(Short text fragments from websites)

***

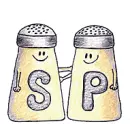 Salt and pepper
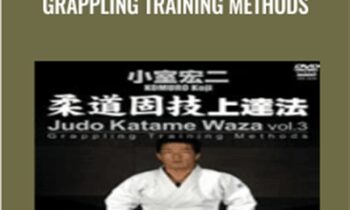 Katame Waza Grappling Training Methods - Koji Komuro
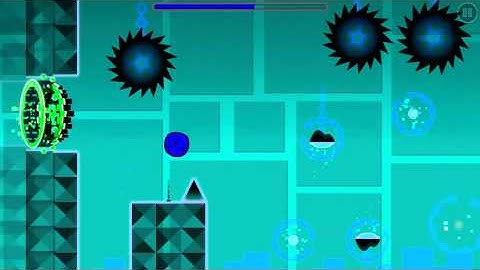 Geometry Dash Theory of Everything(1) level 12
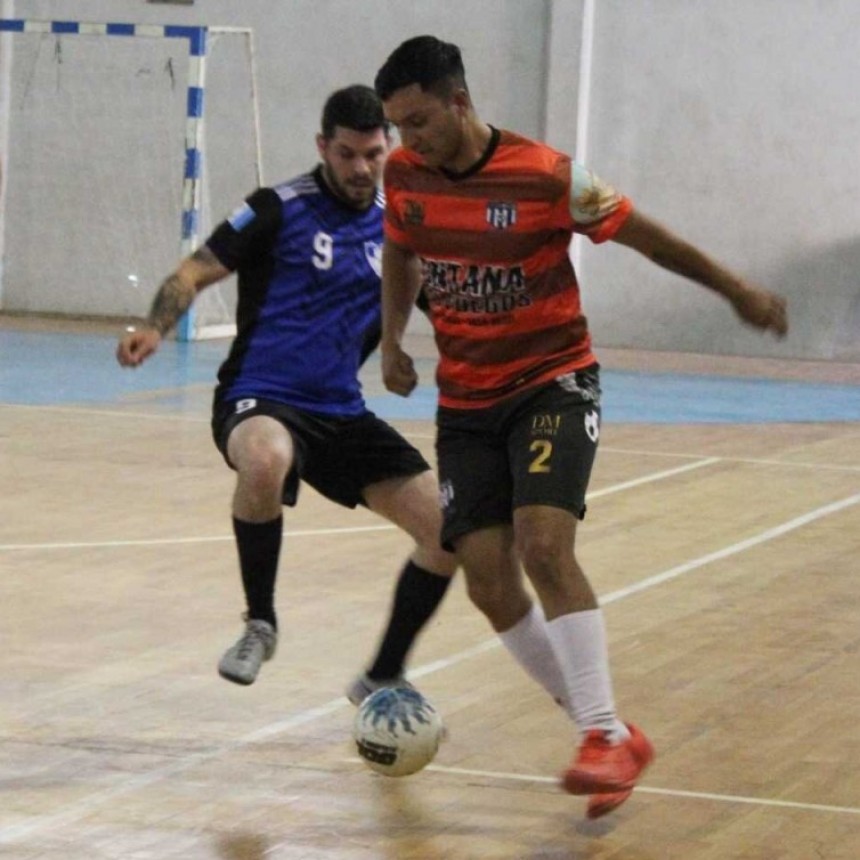 Futsal en Fontana: programación de partidos para este sábado y domingo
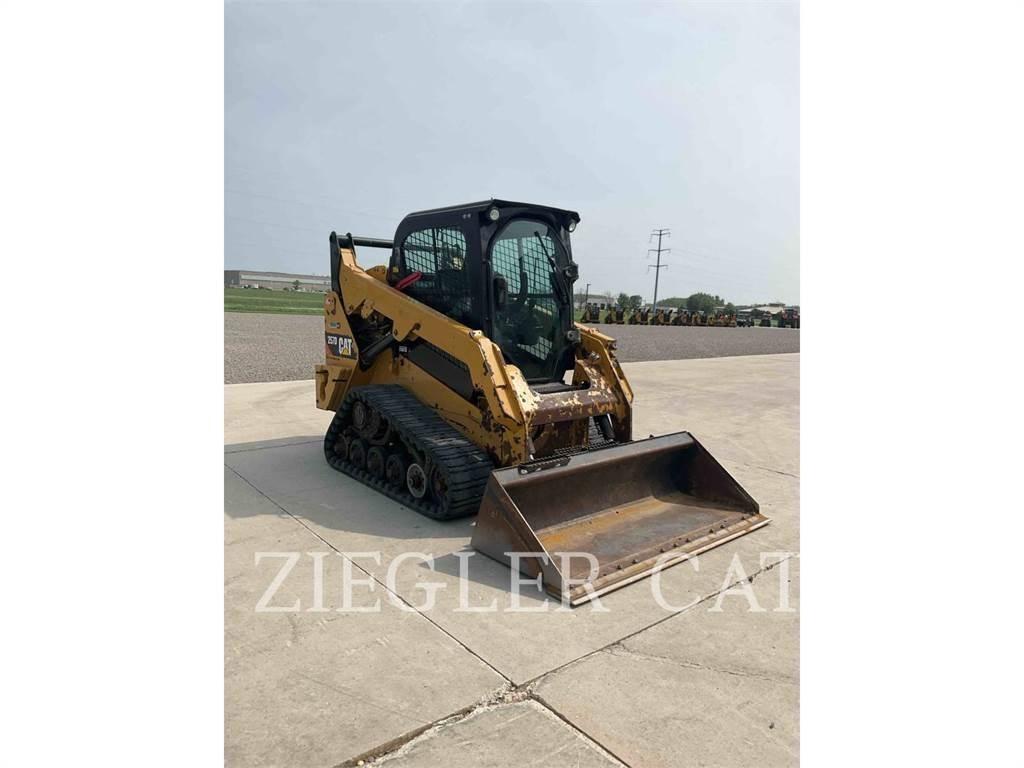 CAT 257D Φορτωτές με ερπύστριες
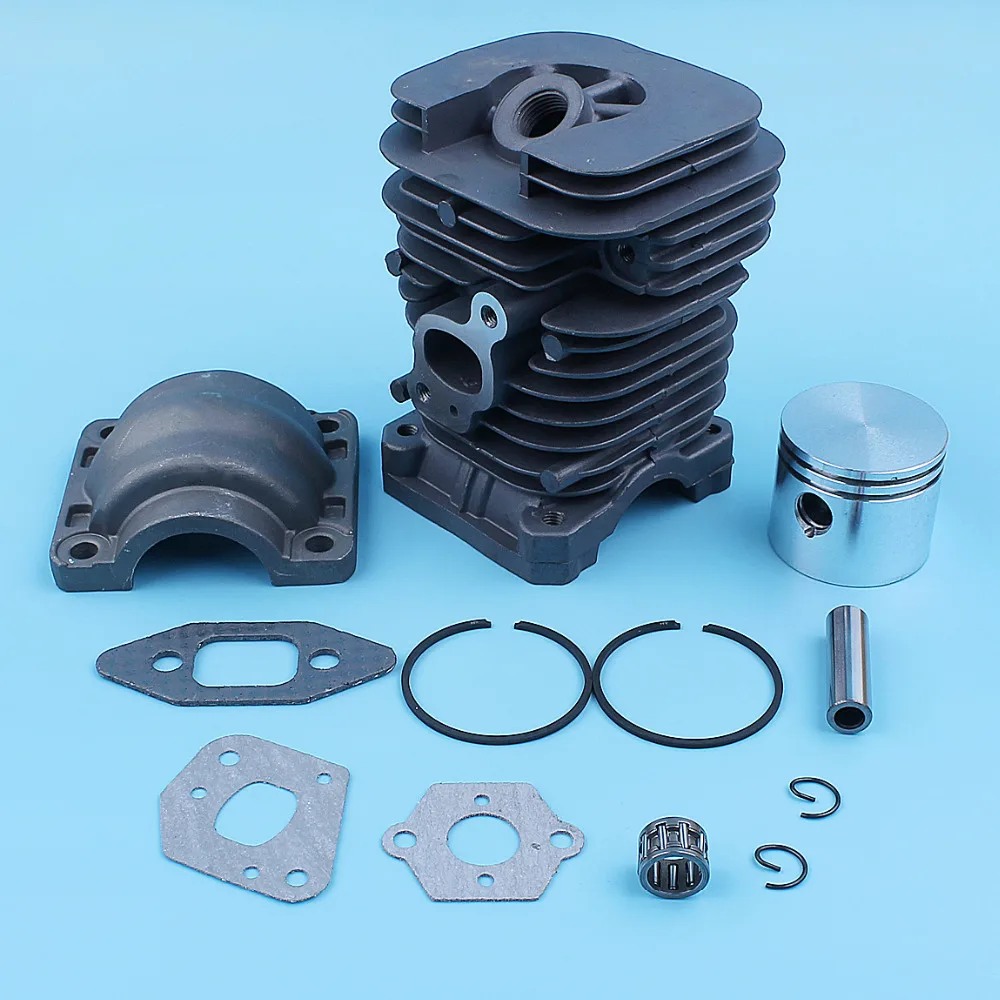

41.1mm Cylinder Piston Kit For MCCULLOCH MAC CAT 335 435 440 338 438 444 Chainsaw Engine Pan Replacement Part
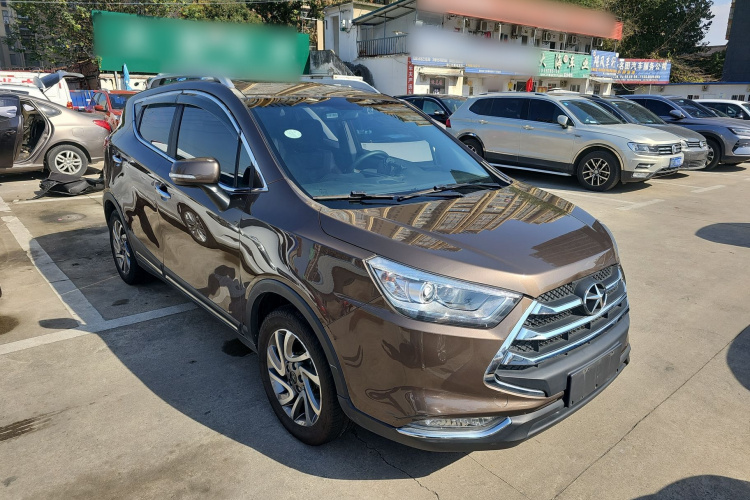 江汽集团 瑞风S3 2016款 1.5L CVT豪华智能型车身外观3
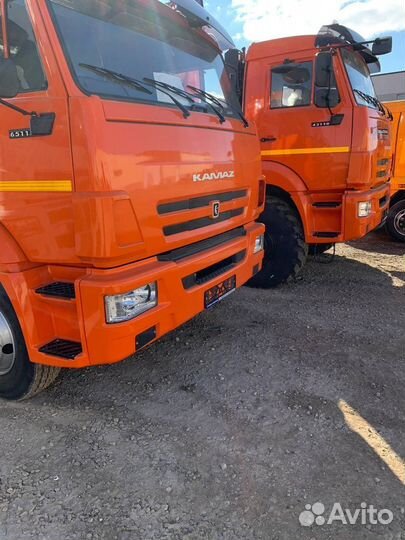 КамАЗ 65115, 2023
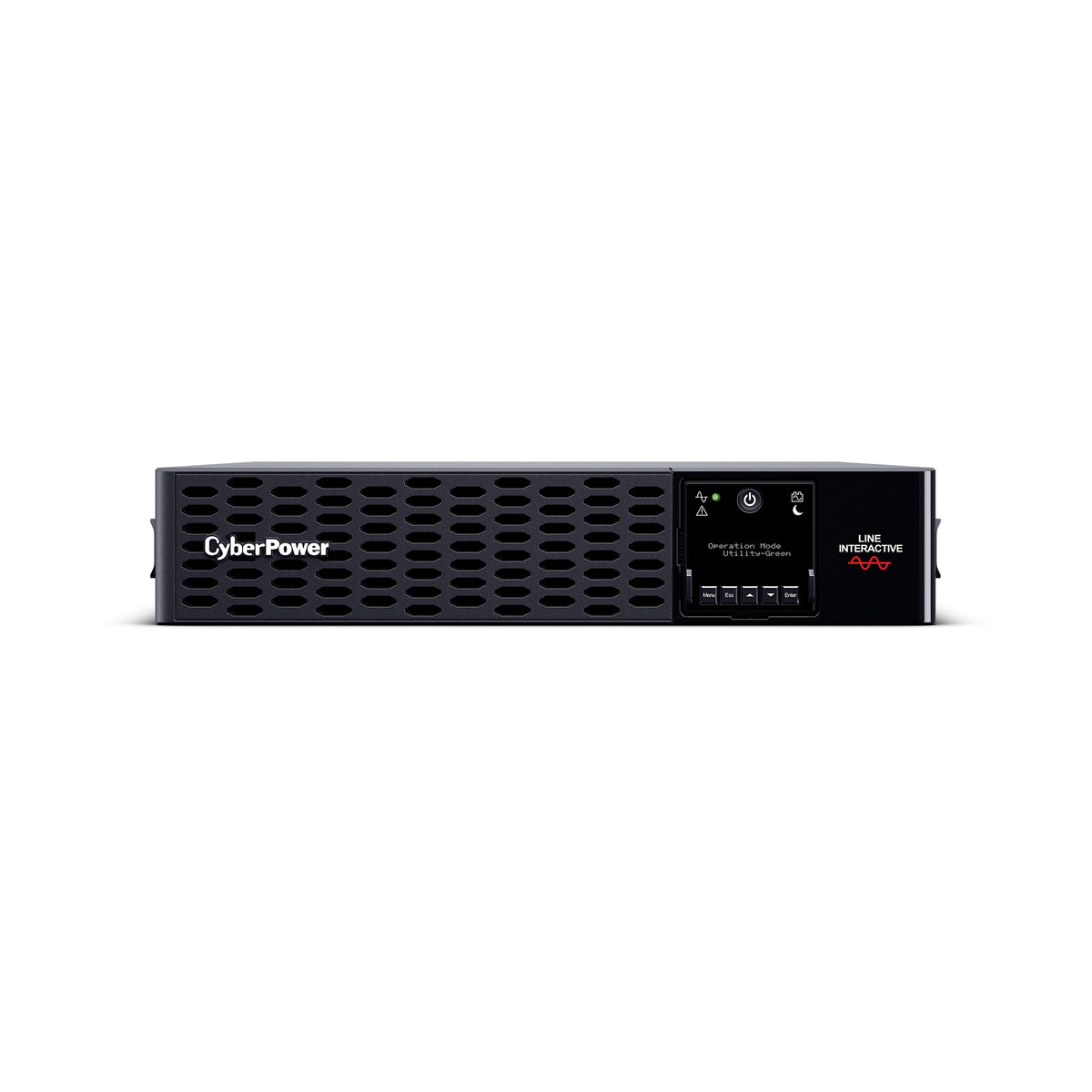 Cyber Power - PR3000RTXL2UHVAN - UPS SYSTEMS New Smart App 3000VA/3000W, Sine Wave, 2U, NEMA L5-30P, 10 Ft Cord
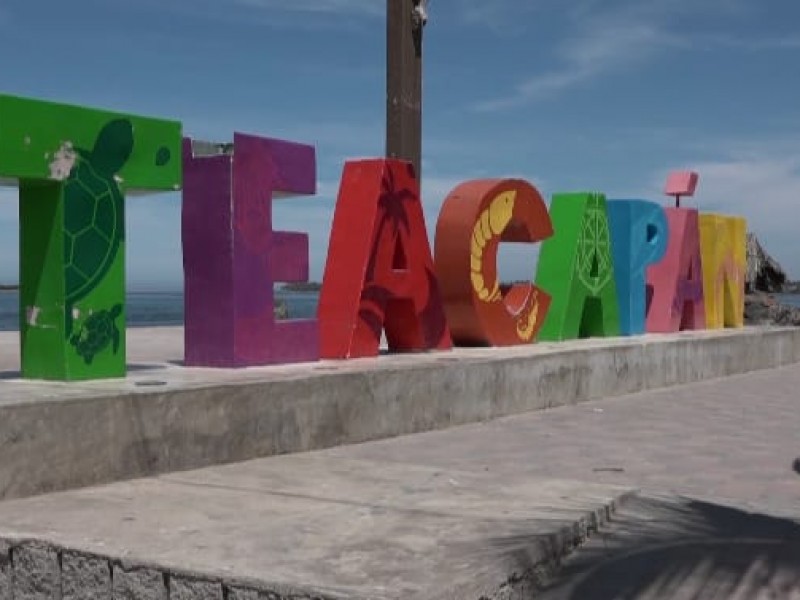 Reconstruyen malecón de Teacapan tras 2 años de Wila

***

TASK TO CARRY OUT:
The reply is to be all the records above, transcribed exactly, with no pictures.

YOUR SOLUTION:
 Salt and pepper
 Katame Waza Grappling Training Methods - Koji Komuro
 Geometry Dash Theory of Everything(1) level 12
 Futsal en Fontana: programación de partidos para este sábado y domingo
 CAT 257D Φορτωτές με ερπύστριες

41.1mm Cylinder Piston Kit For MCCULLOCH MAC CAT 335 435 440 338 438 444 Chainsaw Engine Pan Replacement Part
 江汽集团 瑞风S3 2016款 1.5L CVT豪华智能型车身外观3
 КамАЗ 65115, 2023
 Cyber Power - PR3000RTXL2UHVAN - UPS SYSTEMS New Smart App 3000VA/3000W, Sine Wave, 2U, NEMA L5-30P, 10 Ft Cord
 Reconstruyen malecón de Teacapan tras 2 años de Wila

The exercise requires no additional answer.